In addition to the challenges involved in converting resources into digital formats, another confounding factor in locating archival materials and content that may be relevant to a user’s query can, counter-intuitively, be the finding aids and retrieval system themselves. The effectiveness of archival retrieval depends on various factors, including the current practices, perspectives, and workflows of the institution and the archivist. For instance, because the vocabularies used by librarians, programmers, and institutions are very distinctive, the terms they have developed and chosen to use for their systems and online platforms may differ from what we are familiar with or what other platforms utilize in their index and search systems. It also depends on the assumptions and “efficiencies” embedded in the finding aids and retrieval system. The constraints of and imposed by publishers and the database and retrieval systems that disseminate their publications are also clearly evident in digital library practices. For example, due to its embargo policy, JSTOR may not have articles published within the last few years available for access. According to their policy (2023), JSTOR collects content from selected journals that require an embargo period before their articles can be accessed. An embargo period is a specific duration of time following the publication of a journal during which JSTOR restricts access to the articles. It can be challenging, therefore, for users to locate the most recent articles on a particular subject on the JSTOR website and this in turn can affect the scope and currency of existing research used in new scholarship.

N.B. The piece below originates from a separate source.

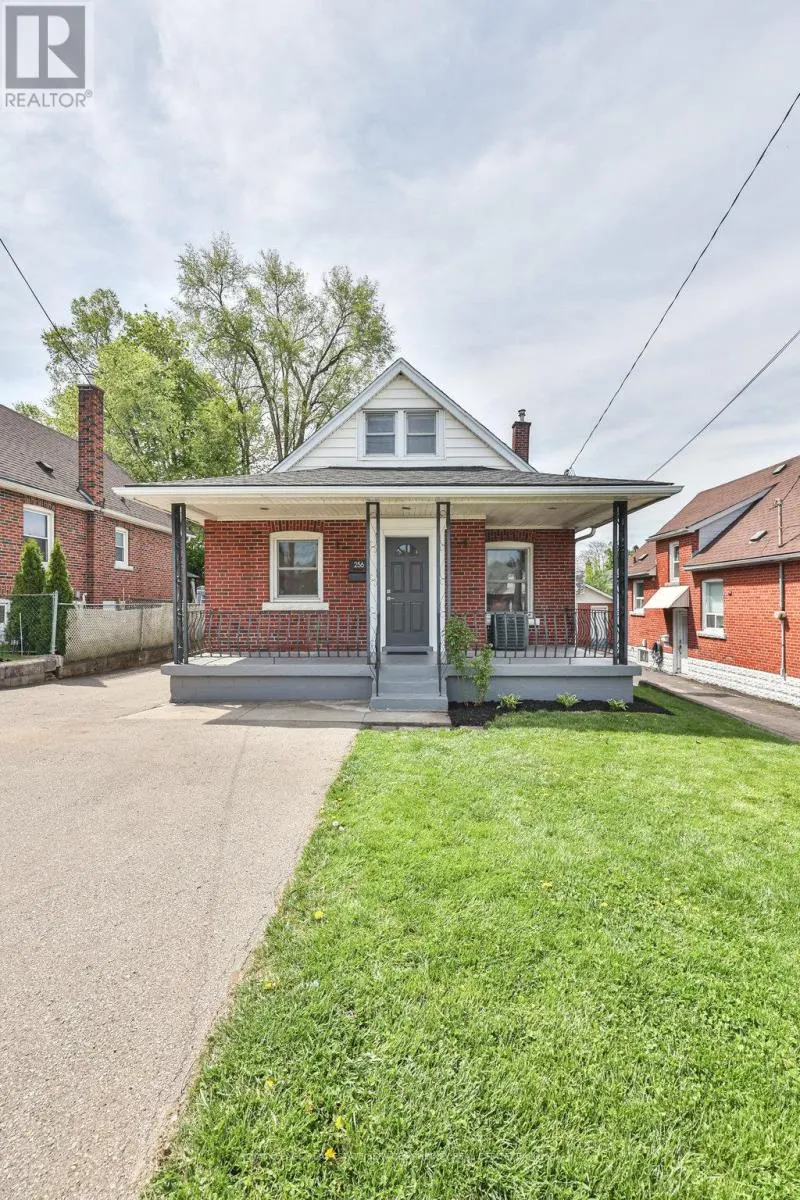 256 WALTER AVENUE S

Additionally, depending on users’ settings and institutional affiliations, the full text of certain articles indexed by academic search engines and digital libraries may not be freely accessible due to subscription or other accessibility constraints. Furthermore, some academic search platforms may incorporate users’ personal settings, such as their preferences, search history, or institutional affiliations to personalize their search results. While such personalization can enhance user experiences, it can also result in filter bubbles, where users are only exposed to content that aligns with their pre-existing interests and search history. In addition, depending on their disciplinary-focus, digital archives and libraries may not be as comprehensive as Google Scholar or physical libraries. On the other hand, although Google Scholar has a broader coverage of scholarly articles, users may need to refer to additional discipline-specific databases or digital libraries to ensure comprehensive access to a wider array of relevant publications.
2.2 Google Search
Google Scholar is another widely used academic search platform. It may require a deeper understanding of its search algorithms and capabilities to be used effectively. Although Google does not disclose the specific details of how Google Scholar’s algorithm operates, it is heavily influenced by Google’s ranking algorithms. At a high level, in general, Google’s search engine generates a correlation map between keywords and content, and then ranks the content for each keyword based on its offline relevance. When a user enters a sentence or word, the search engine queries the correlation map to find corresponding ranked results and displays them to the user. These search engines use similar workflows, but they store different types of data depending on their specialization. Google Scholar, for instance, archives scholarly-related data such as publications and grants, to rank documents in the same way as researchers do. It considers various factors such as the full text of each document, the publication source, the author, and the frequency and recency of citations in other scholarly literature. On the other hand, Google has a wider range of data, including finance, news, videos, and more.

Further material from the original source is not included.